(RECORDED DATA Opens)

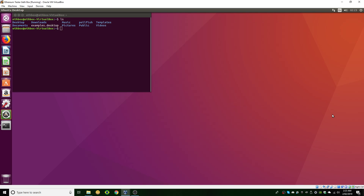Hi guys, Barnyard here. Today we're going to be looking at how you can build Bitcoin in Ubuntu and then run a full node on your Ubuntu machine. This will also work for a whole bunch of different versions of Linux, but I personally prefer Ubuntu 16, so that is the operating system I'm going to be using. So let's just jump right into it.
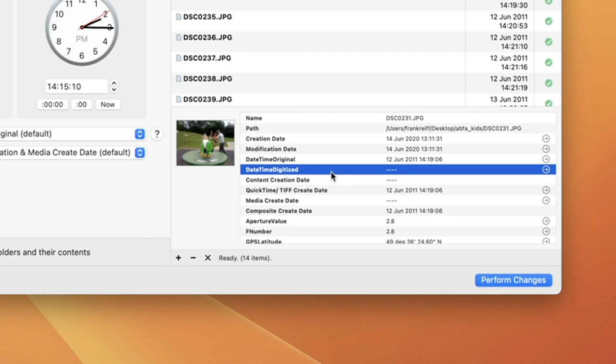Many scanned images do not contain any indication of when the scanned picture was taken, and you have to use a third-party utility, like A Better Find Attributes, to set this field. In practice, it's often better to set both the datetime original and the datetime digitized timestamp for such images, because the former is more widely supported. Both of these fields are part of the EXIF standard that is used for almost all JPEG files these days.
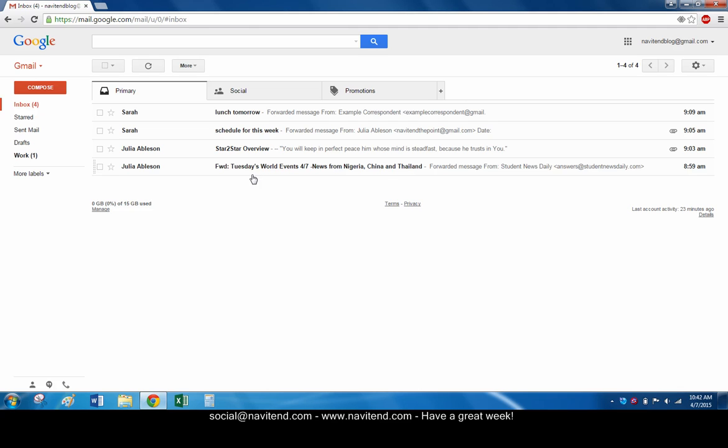With that, we reach the conclusion of the screencast. You can watch previous issues or subscribe to receive new ones via email on our website. The link is below. Have a great week!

(RECORDED DATA Closes)

WHAT YOU NEED TO DO
Copy each line above precisely, dropping the pictures.

EXERCISE ANSWER
Hi guys, Barnyard here. Today we're going to be looking at how you can build Bitcoin in Ubuntu and then run a full node on your Ubuntu machine. This will also work for a whole bunch of different versions of Linux, but I personally prefer Ubuntu 16, so that is the operating system I'm going to be using. So let's just jump right into it.
Many scanned images do not contain any indication of when the scanned picture was taken, and you have to use a third-party utility, like A Better Find Attributes, to set this field. In practice, it's often better to set both the datetime original and the datetime digitized timestamp for such images, because the former is more widely supported. Both of these fields are part of the EXIF standard that is used for almost all JPEG files these days.
With that, we reach the conclusion of the screencast. You can watch previous issues or subscribe to receive new ones via email on our website. The link is below. Have a great week!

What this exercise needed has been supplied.